CERVICAL WHIPLASH

SUMMARY Permanent brain damage may result from closed head injury if coma lasts more than 30 minutes. In whiplash without head injury, substantial loss of consciousness may signal permanent brain-cell injury. In most late whiplash, the mechanism of cognitive difficulties remains speculative. PET and SPECT abnormalities are not fulfilling their early promise as specific biological markers of MTBI. Under-diagnosed injuries better explain chronic disability after whiplash.

Anatomical Pathology

Permanent brain damage may result from closed head injury if coma lasts more than 30 minutes.

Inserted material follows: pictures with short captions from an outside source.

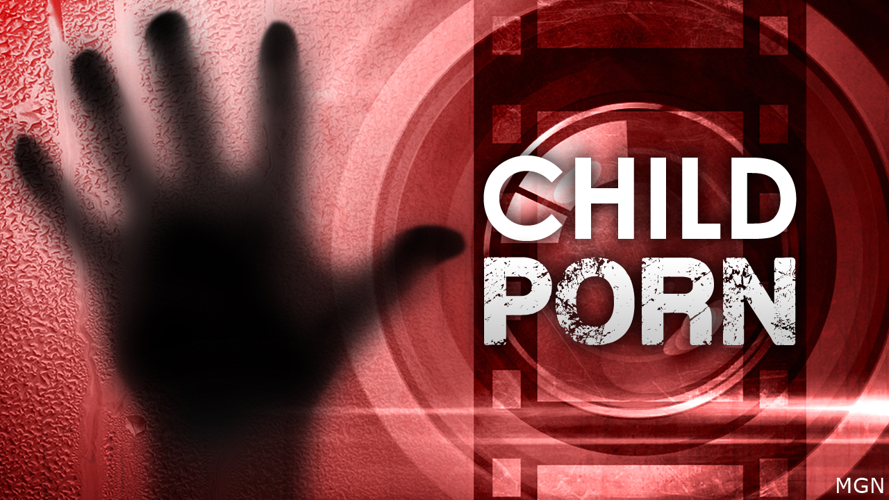 child porn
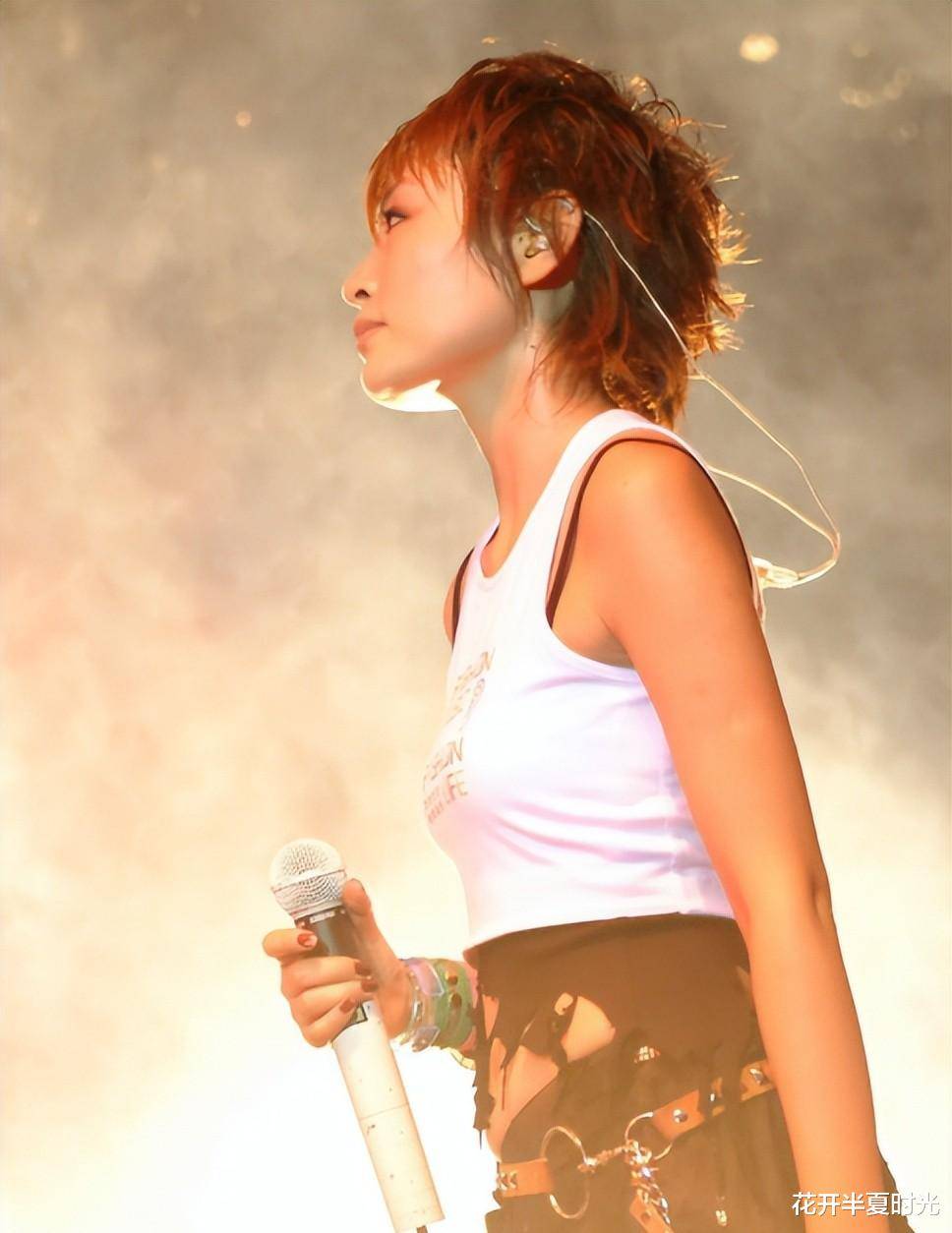 情路坎坷,事业巅峰,歌后陈琳自杀谜团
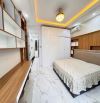 Nhà 6 tầng Hoàng Quốc Việt, ô tô tránh nhau, 50m2, 25,8 tỷ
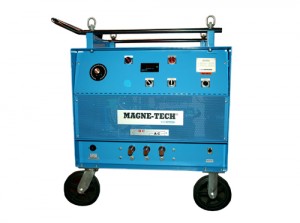Gould-Bass Magne-Tech® 1560W Magnetic Particle Inspection Unit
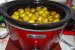 Dulceata de smochine la slow cooker Crock Pot-7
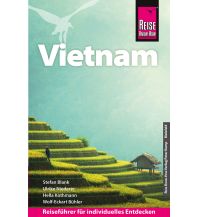 Reiseführer Reise Know-How Reiseführer Vietnam Reise Know-How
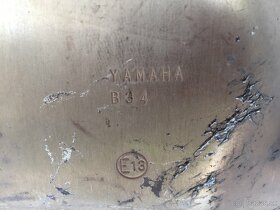 Výfuky Yamaha - 7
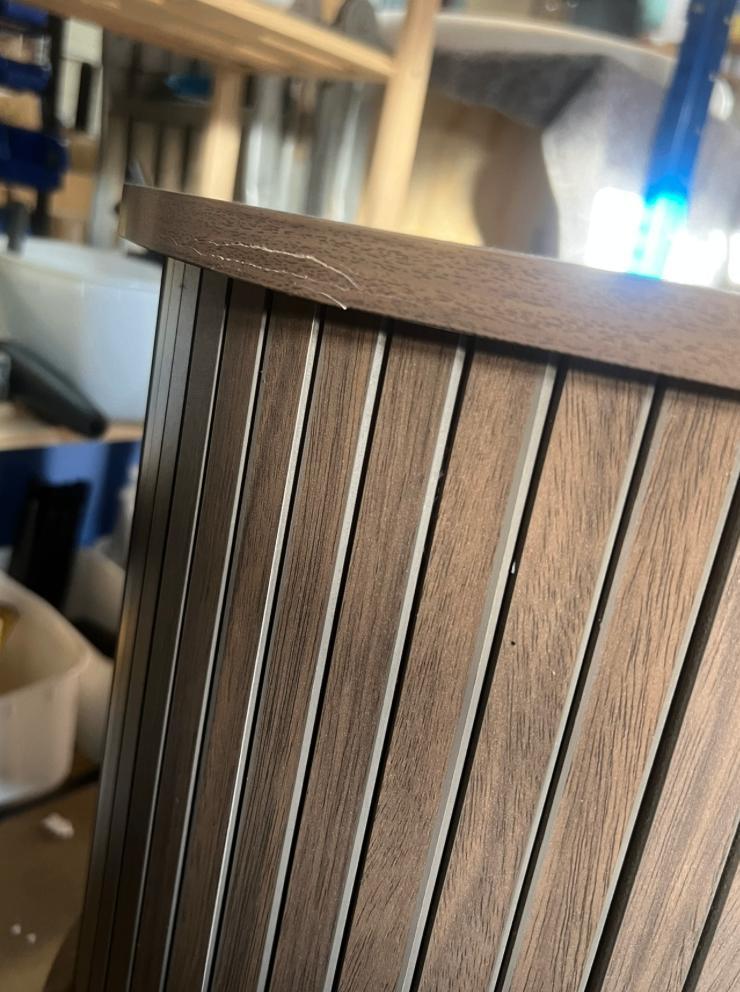 By fonQ | Basic Panel Tv-meubel image 5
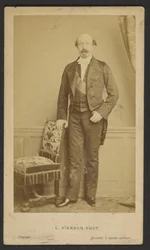 [Charles de Morny, książę Morny].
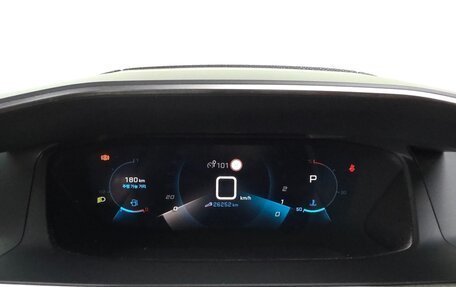 Peugeot 2008 II, 2021 год, 1 520 000 рублей, 8 фотография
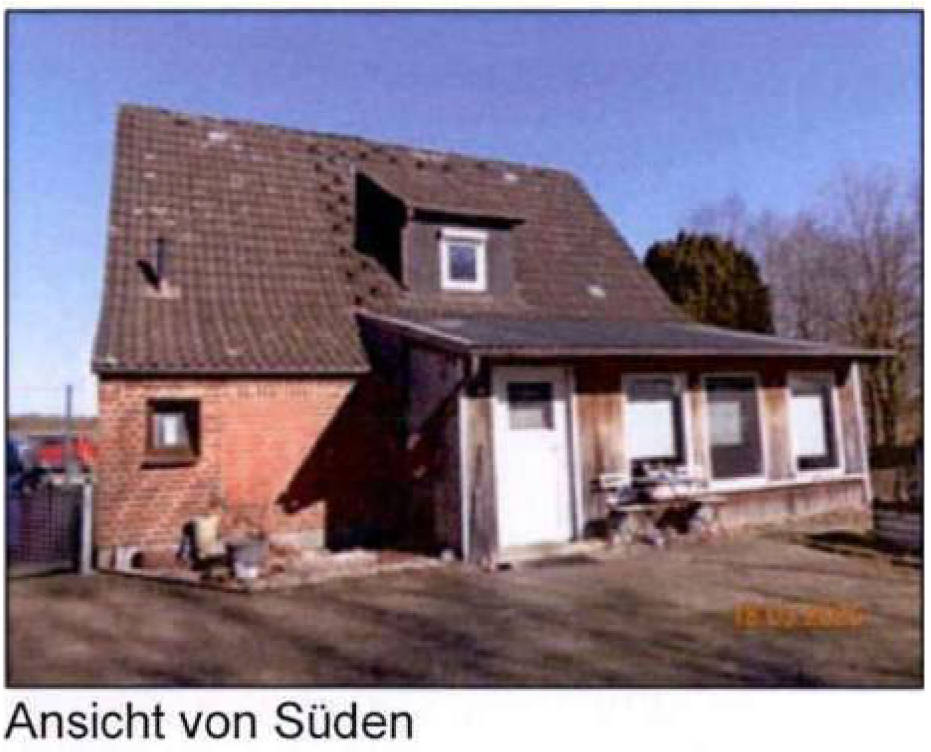 schleswig-holstein 33 K 4/25 Am Sportplatz 15, 25721 Eggstedt 10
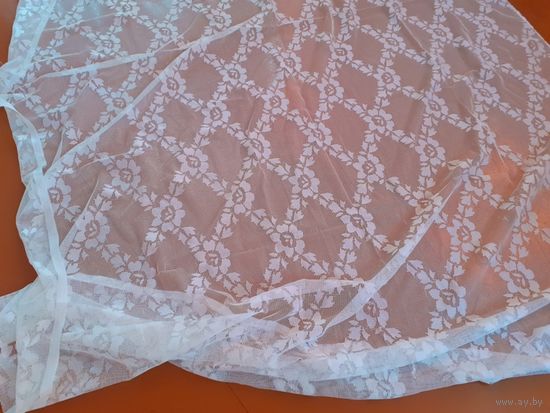 Тюль 220 * 150 2 шт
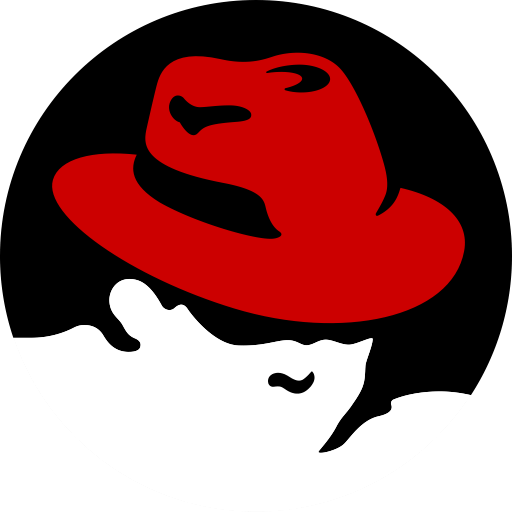 RHEL Icon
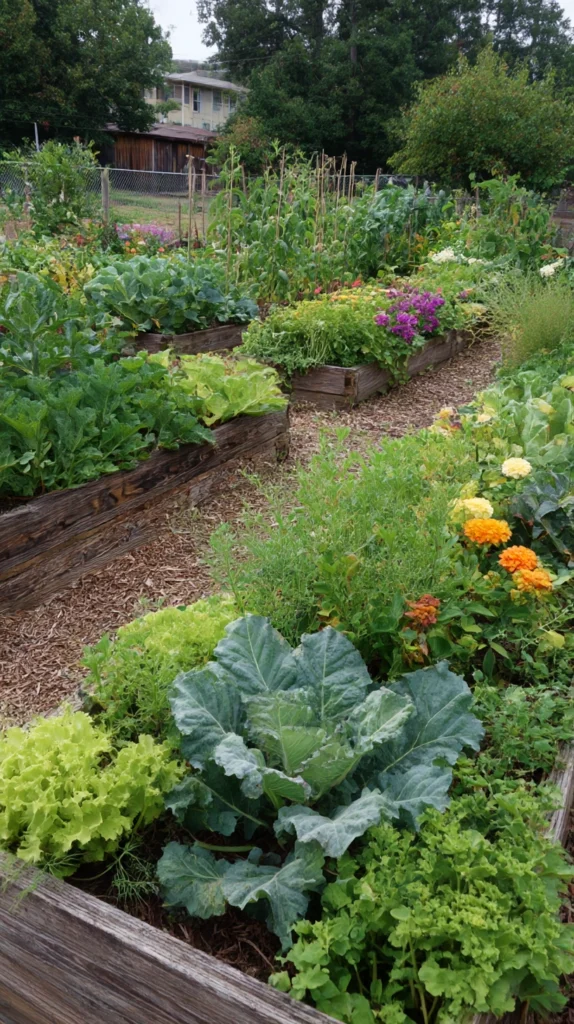 15 Raised Garden Bed Ideas for Pacific Northwest Backyards 13 ns 12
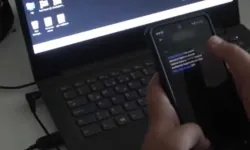 Bir IBAN ricası  sizi hapse yollayabilir...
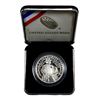 Image 2 : 2015-P US Marshals Ser 225th Anniversary Proof Silver Dollar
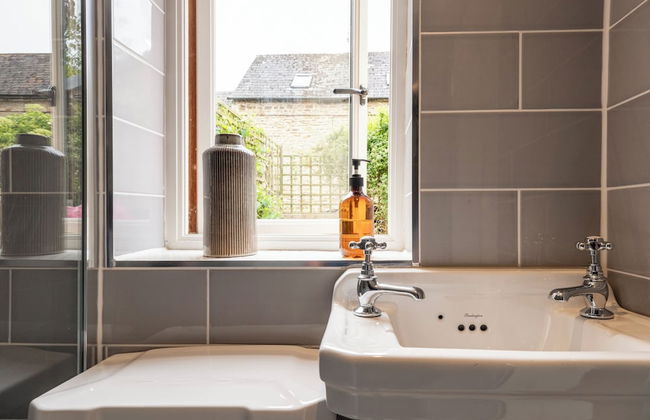 Cosy 2BD Cottage Near Daylesford - Foto 39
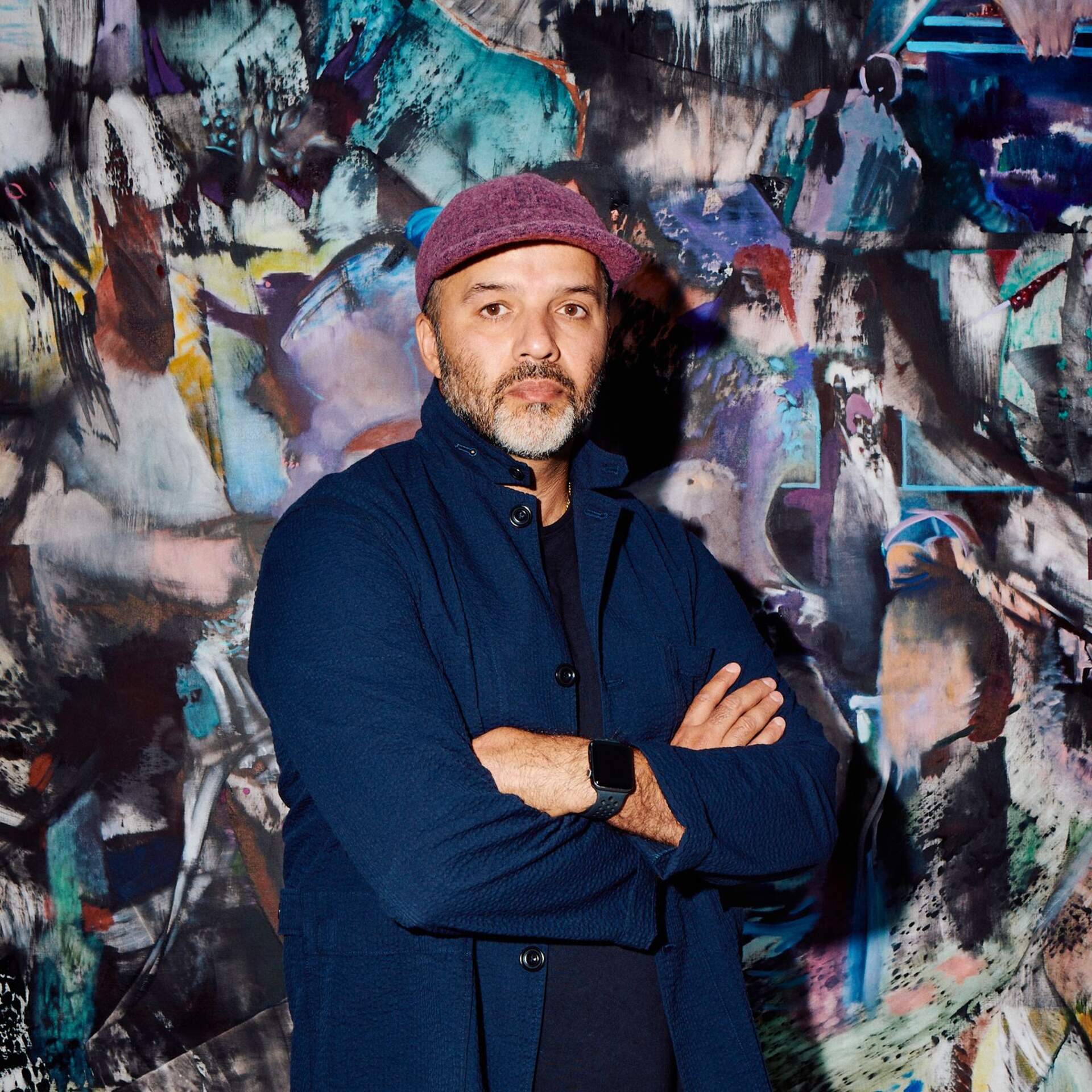 Ali Banisadr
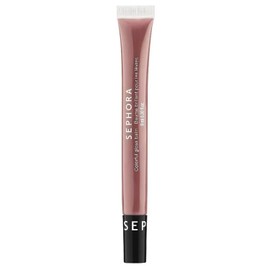SEPHORA Collection Colorful Lip Gloss Balm - 28 Soulmate (Raspberry Shimmer) - 0.30 fl oz / 9 mL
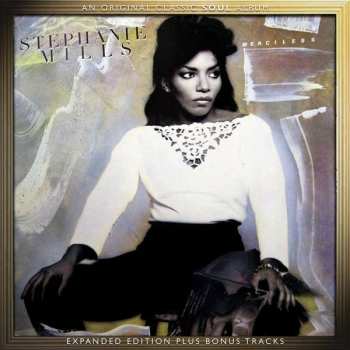 CD Stephanie Mills: Merciless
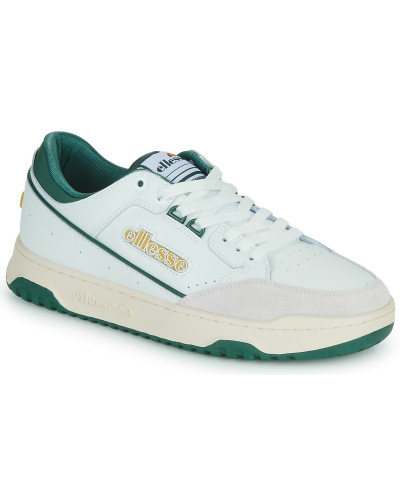 Baskets basses hommes Ellesse LS987 CUPSOLE Blanc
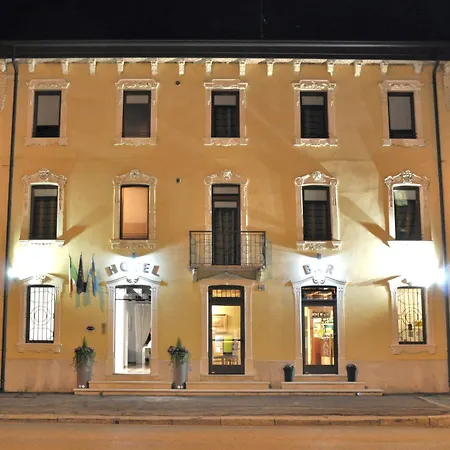 Fontana Hotel Verona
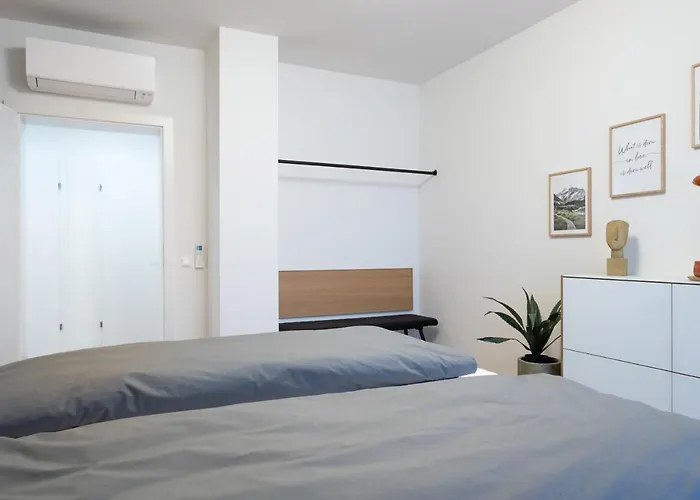 Mh Living - 39 - Scandinavian Living Dream In Center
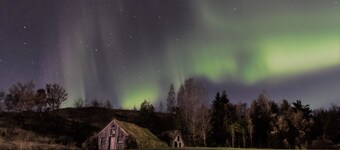 Dalshöfði Guesthouse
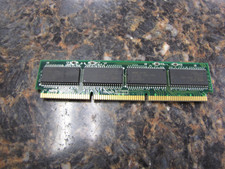 Vintage Apple 1983 NEC MC-262 Power Macintosh Memory picture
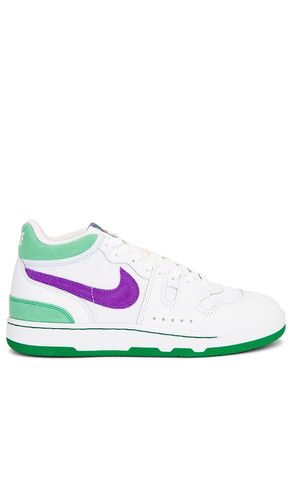 Attack Sneaker in White. - size 10 (also in 8.5) - Nike - Modalova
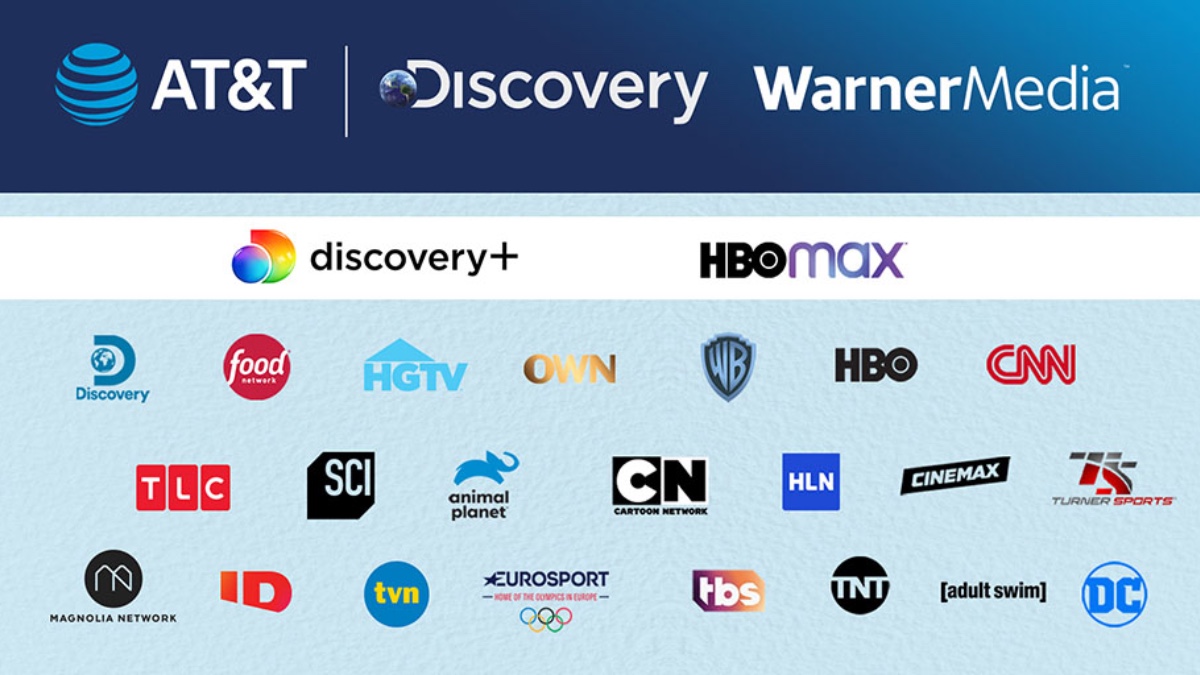 Warner Bros Discovery Wants to Be as Big as the Broadcasters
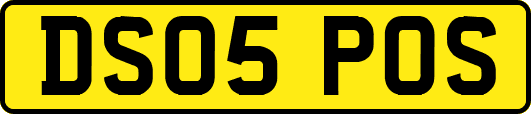 DS05POS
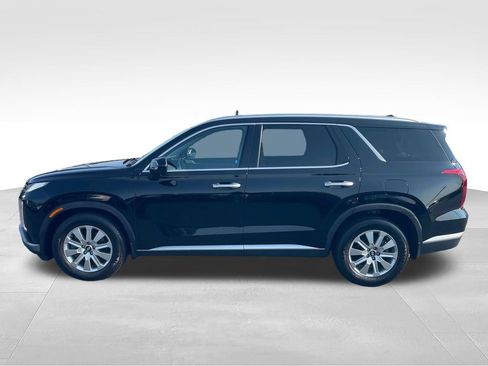 Used 2023 Hyundai Palisade SEL w/ Cargo Package FWD image 2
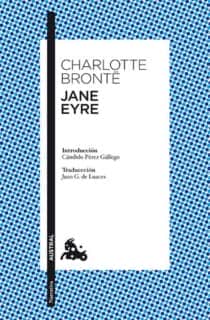 JANE EYRE                    *ED. NUEVA*
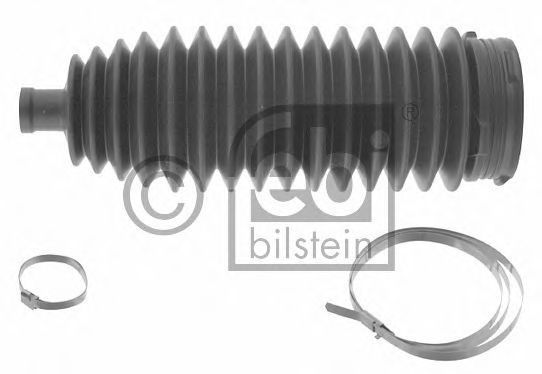 Комплект пылника, рулевое управление FEBI BILSTEIN 27197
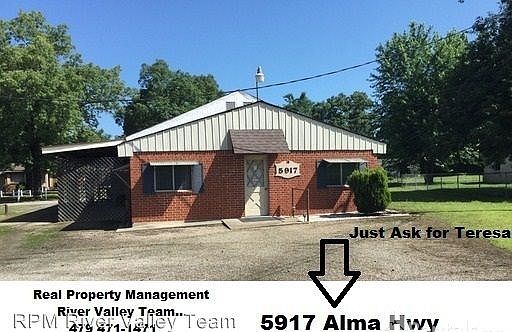 1st image of 5917 Alma Hwy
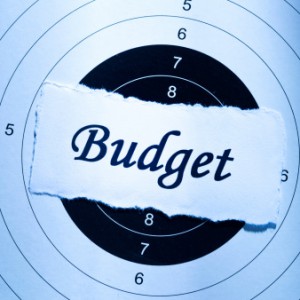 8 Rules For Preparing On A Budget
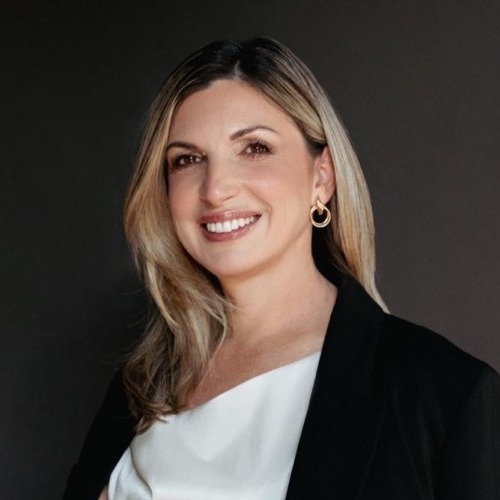 Sandra Vučurović Profile Picture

In head-injured patients, Mild Traumatic Brain Injury (MTBI) with loss of consciousness and amnesia of 30-35 minutes has been shown to cause modest Diffuse Axonal Injury (DAI) 1. DAI is the histopathological (tissue damage) marker for disruption of brain cells.

Unless MTBI patients happen to die shortly after injury from other injuries or unrelated causes and there is autopsy study of the brain, we are unlikely to know in the near future whether there is such visible disruption of brain cells 2.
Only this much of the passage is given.